With my exam over, and firm commands from my adviser to give myself a break for a week or two (she said a month, but she and I are both too dedicated and both such workhorses that I doubt that will happen), I can concentrate on the important things: food, and husband. Fortunately, since he needs to be fed, these important things can work in tandem. So I send my apologies to Joan Didion, and promise to report to you a Week of Magical Eating. Some dishes will be fancy, fresh, and well prepared. Some will probably be valiant attempts to use up leftovers. Either way, I will try to check in with my results.

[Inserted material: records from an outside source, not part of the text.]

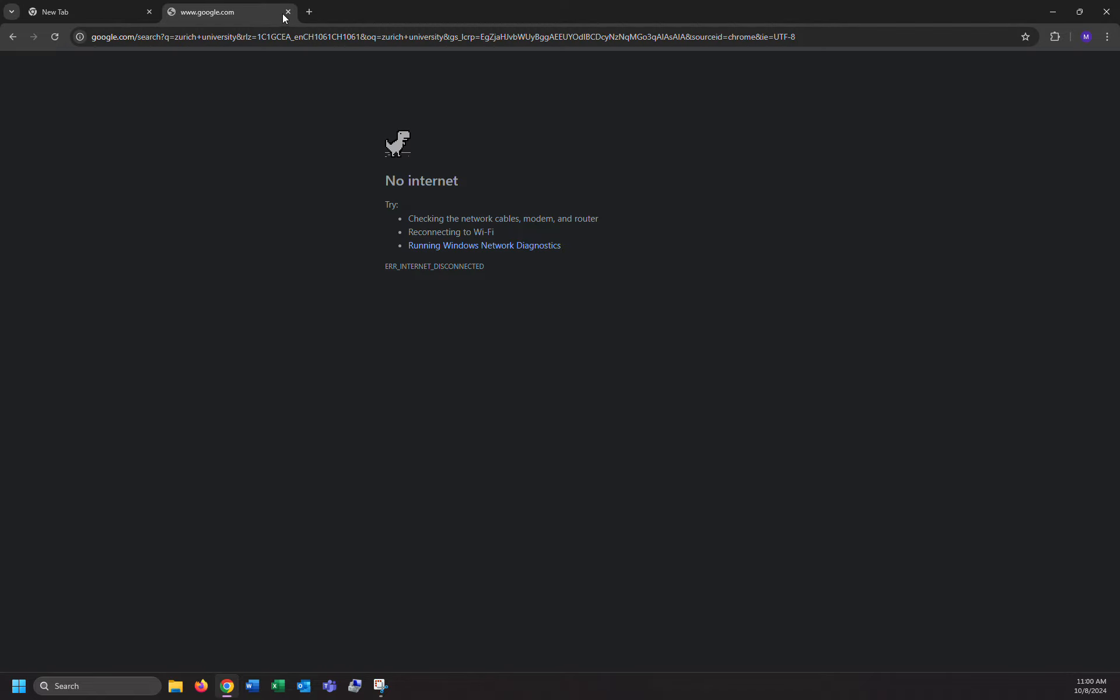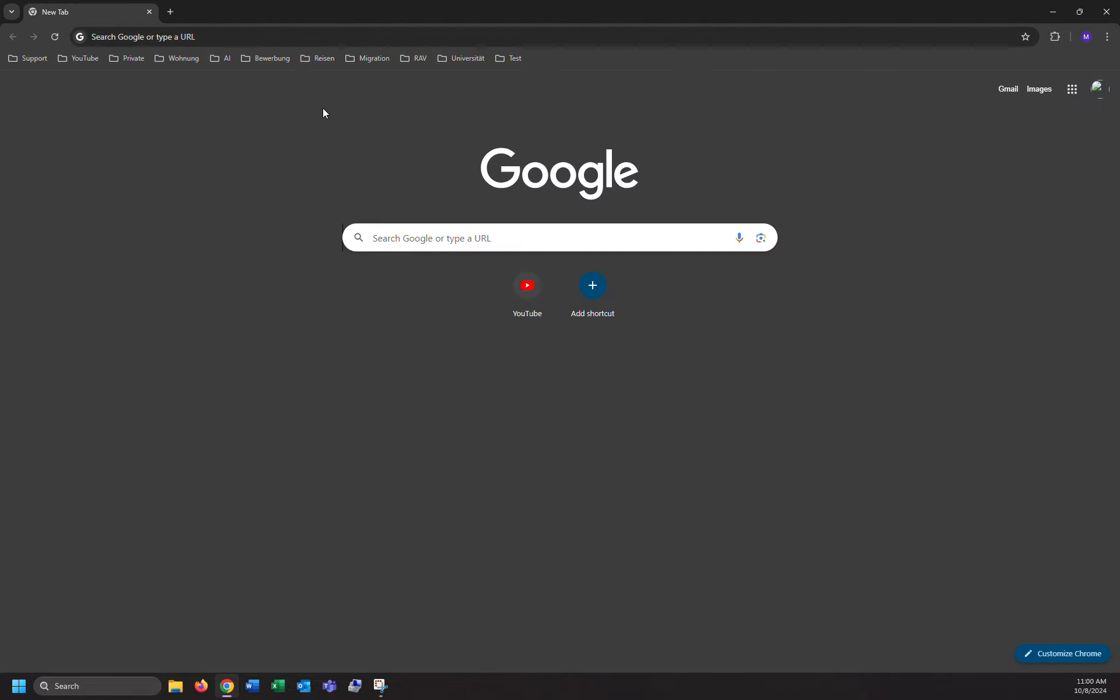At the moment I don't have internet connection, so let me connect to the internet and show you how to do that.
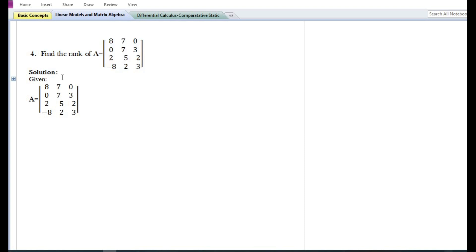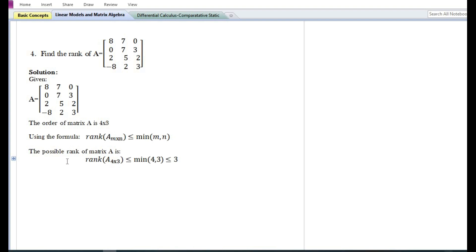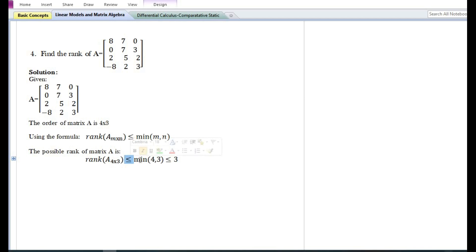In this particular problem they have asked to find the rank of matrix A. The order of the given matrix A is four by three, that is it has four rows and three columns. Using the formula, the rank of matrix A subscript four by three is equal to or less than the minimum of the number of rows and columns. Since the minimum of four and three is three, the possible rank of matrix A is equal to or less than three.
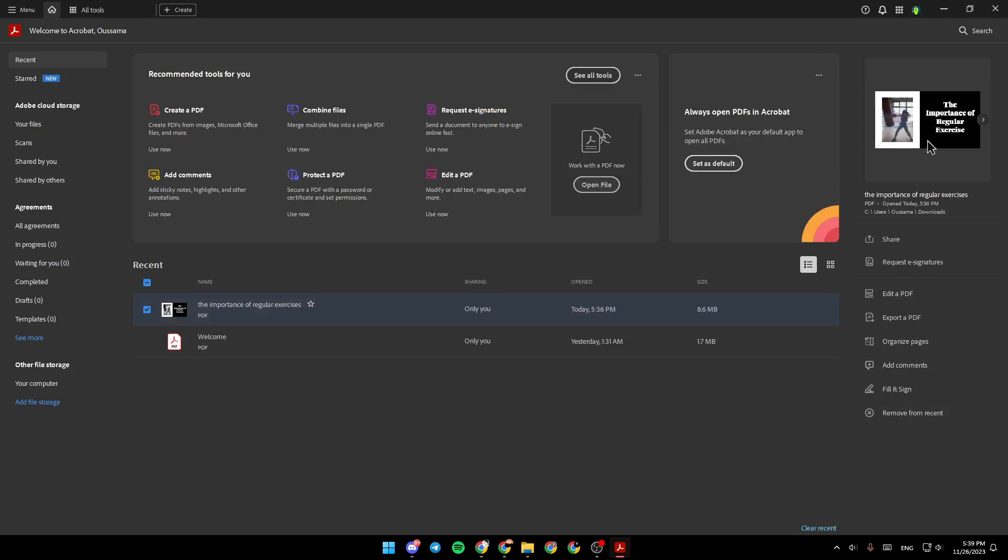And then right here, you're going to find a lot of options: share, request e-signature, edit a PDF, export a PDF, organize pages, add comments, and lastly, fill and sign.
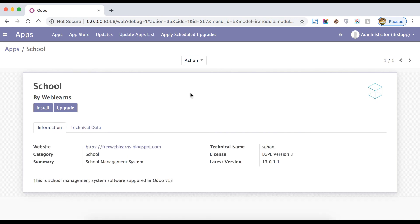I hope you now know how to create a custom module from scratch — but this is not finished yet. We have to create a school model as well. In the next session we will see how to create a new model, and while installing, we will see the form view, search view, list view, and all. Thank you for watching this video, have a nice day, and if you have any query please comment below.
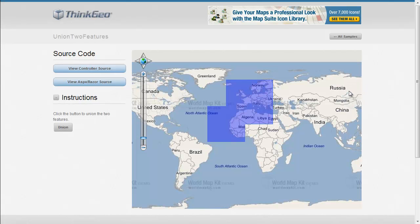I hope this sample walkthrough has been helpful for you. If you have any questions, feel free to contact us or post them directly on our discussion forums at thinkgeo.com/forums. Thank you for watching.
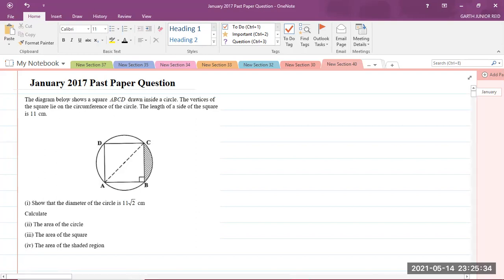The question says that the diagram below shows a square ABCD drawn inside a circle. The vertices of the square lie on the circumference of the circle. The length of a side of the square is 11 centimeters. Part 1 says to show that the diameter of the circle is 11 times the square root of 2 centimeters, and we are to calculate the area of the circle, the area of the square, and the area of the shaded region.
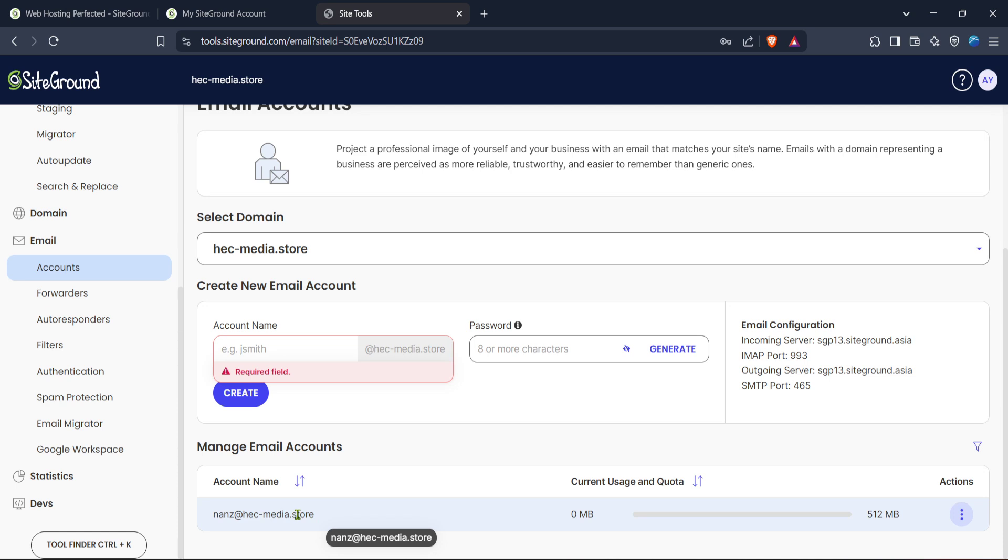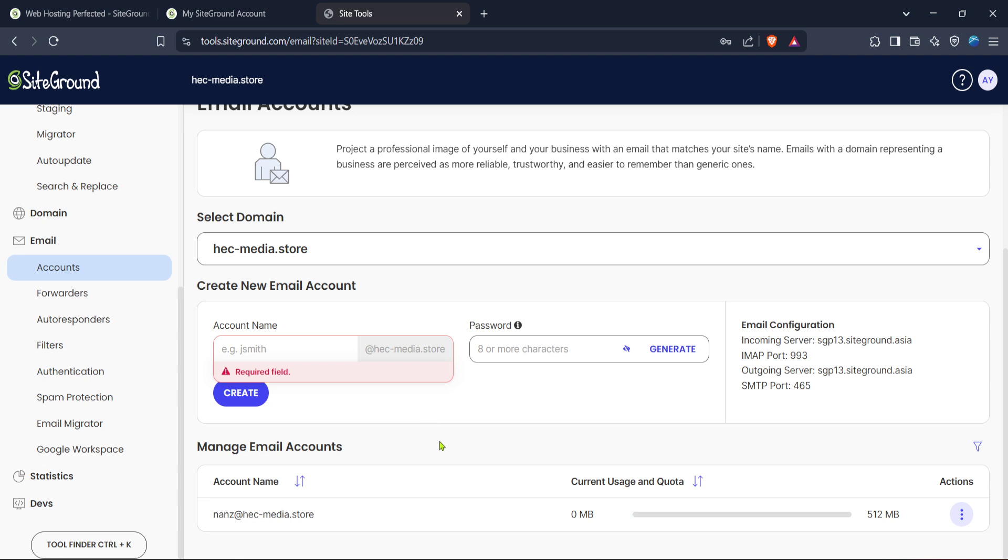Once your email account is set up on SiteGround you'll want to integrate it with Outlook. This requires setting up the email with the correct incoming and outgoing server details typically found in your SiteGround accounts configuration page. Input these settings into Outlook to complete the setup. And there you have it your SiteGround email is now configured in Outlook and you can start sending and receiving emails seamlessly.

Day one, yesterday, also happened to be Valentine’s Day. Neither N. nor I particularly support this Hallmark holiday, likely as a result of residual bitterness before meeting one another and deciding that no one but each other should ever be subjected to either of us again. However, thanks to my rapidly ebbing stress and rising ability to enjoy normal activities like shopping and cooking without feeling guilt about not studying, I was able to secure ingredients for dinner on the special side. Not for VDay, but for each other.
As a congratulatory gesture for passing my exam, one of my officemates gave me the ingredients for Kir Royale: champagne and crème de cassis. This blackcurrant liquor smells sweet with the promise of a bite. Mixed with champagne, it was much less sweet than I had imagined; my taste buds were prepared for something dessert-like, but the mix was delicious and fresh, and the color was appetizing too.
With our aperitifs poured, and an acorn squash halved, liberally basted with butter, honey, mustard, and shoved unceremoniously into the oven, I embarked on Jaime Oliver’s spinach and goat cheese risotto. I’ve made this dish before, and was craving its fresh green notes and rich tanginess. To make things extra special, and since between the two of us on a Sunday night we deemed it unwise to drink an entire bottle-o’-bubbly, I used champagne instead of white wine to deglaze my risotto pan after lightly toasting the rice and onions. In the end result I couldn’t taste a difference, but I like to think the champagne contributed to the light tang of the final dish.
Piled high on a plate, it was creamy, it was luscious, with pockets of goat cheese slowly melting in amidst the kernels of rice that never lose their bite completely. The acorn squash as a vegetable side, though it has a completely different flavor profile, works nicely with this risotto, I think, in part because the color contrast is so striking. After an hour in the oven, the rind gets thin, flexible and yet crackling at the same time, and if you don’t mind burning the tips of your fingers, you can hold the caramelized edges with one hand while you scrape the flesh out with a spoon held in the other.
Nothing bitter here. Honey, crème de cassis, goat cheese, sweetness layered on sweetness, but not enough to be cloying. Exactly, perhaps, how Valentine’s Day ought to be.